#### WORK INSTRUCTIONS
Only one stretch of the material below is wanted: everything from the line containing "HD01 PRO Rechargeable" down to the line containing "Buy Superdry Black", both ends included. Repeat it exactly and skip the pictures.

#### STORED DATA
..........
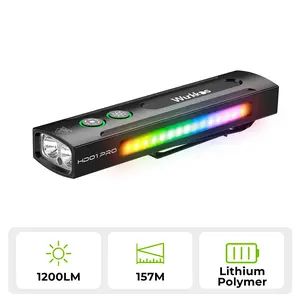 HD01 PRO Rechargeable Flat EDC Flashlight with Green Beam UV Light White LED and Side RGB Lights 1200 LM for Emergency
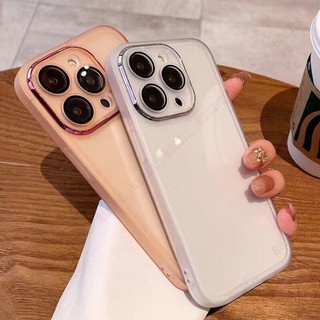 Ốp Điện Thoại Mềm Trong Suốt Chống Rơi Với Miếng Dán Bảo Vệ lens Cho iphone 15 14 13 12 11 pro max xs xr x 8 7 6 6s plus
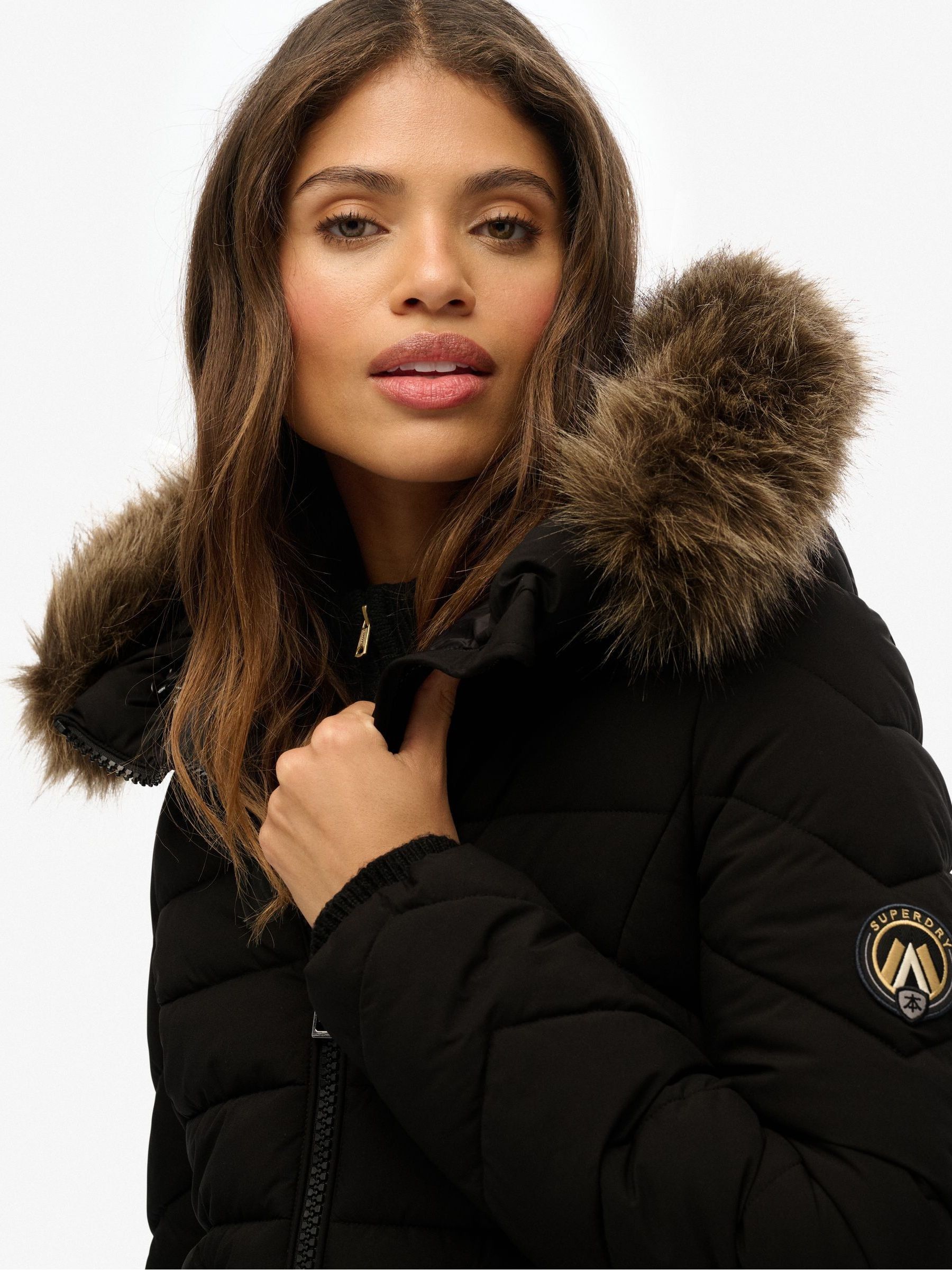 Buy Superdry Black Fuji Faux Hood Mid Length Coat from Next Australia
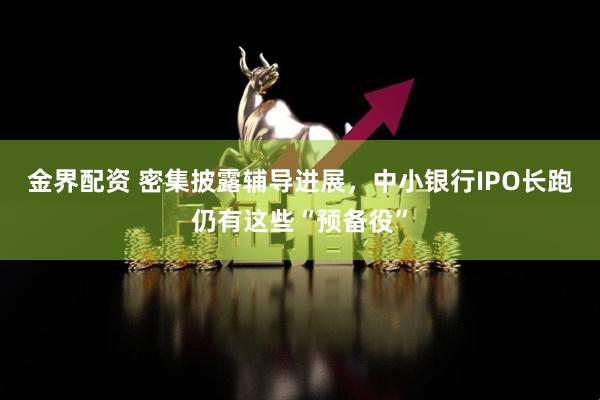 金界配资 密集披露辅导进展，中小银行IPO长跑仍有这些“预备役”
..........
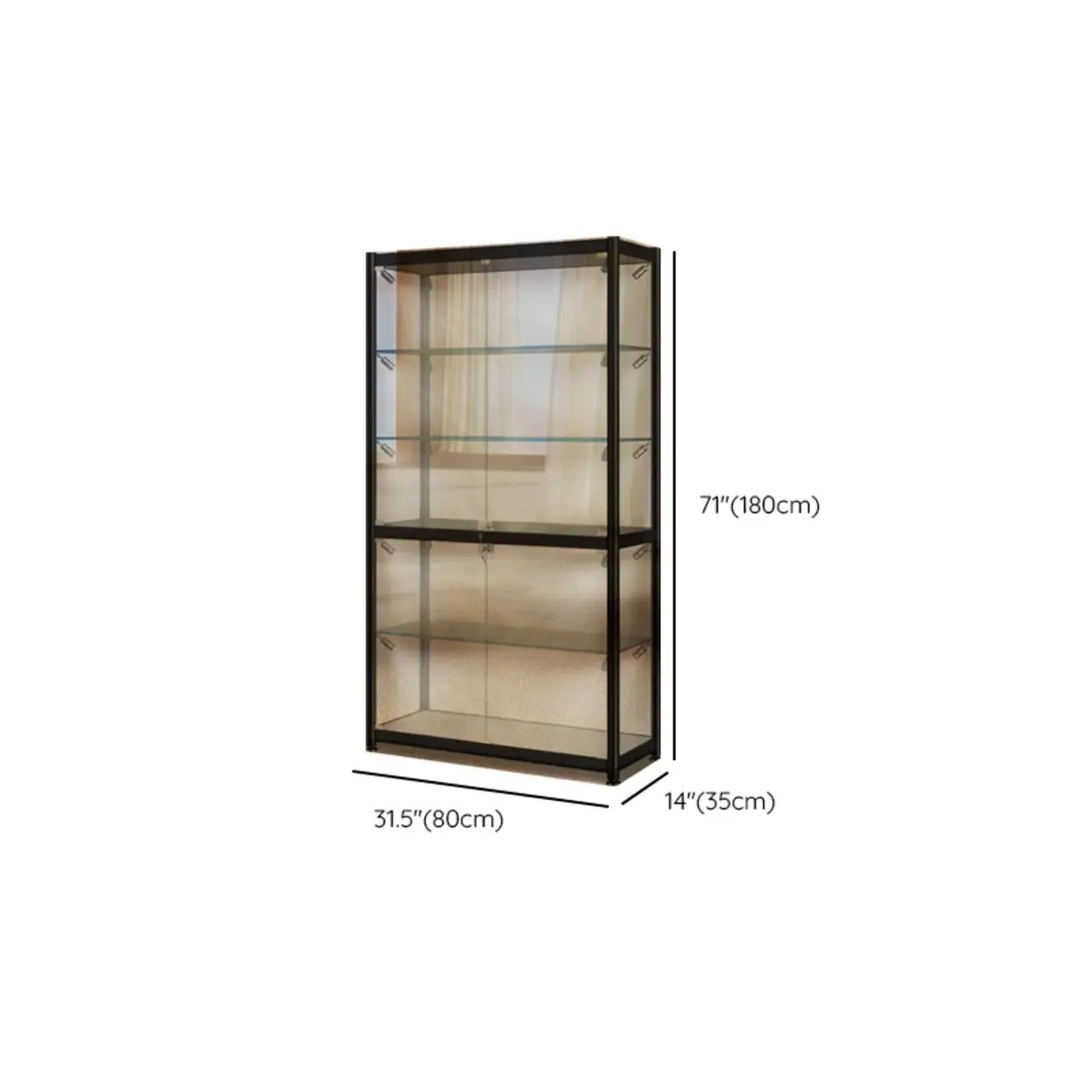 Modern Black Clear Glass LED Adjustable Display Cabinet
..........
#### SOLUTION FOR THIS EXERCISE
 HD01 PRO Rechargeable Flat EDC Flashlight with Green Beam UV Light White LED and Side RGB Lights 1200 LM for Emergency
 Ốp Điện Thoại Mềm Trong Suốt Chống Rơi Với Miếng Dán Bảo Vệ lens Cho iphone 15 14 13 12 11 pro max xs xr x 8 7 6 6s plus
 Buy Superdry Black Fuji Faux Hood Mid Length Coat from Next Australia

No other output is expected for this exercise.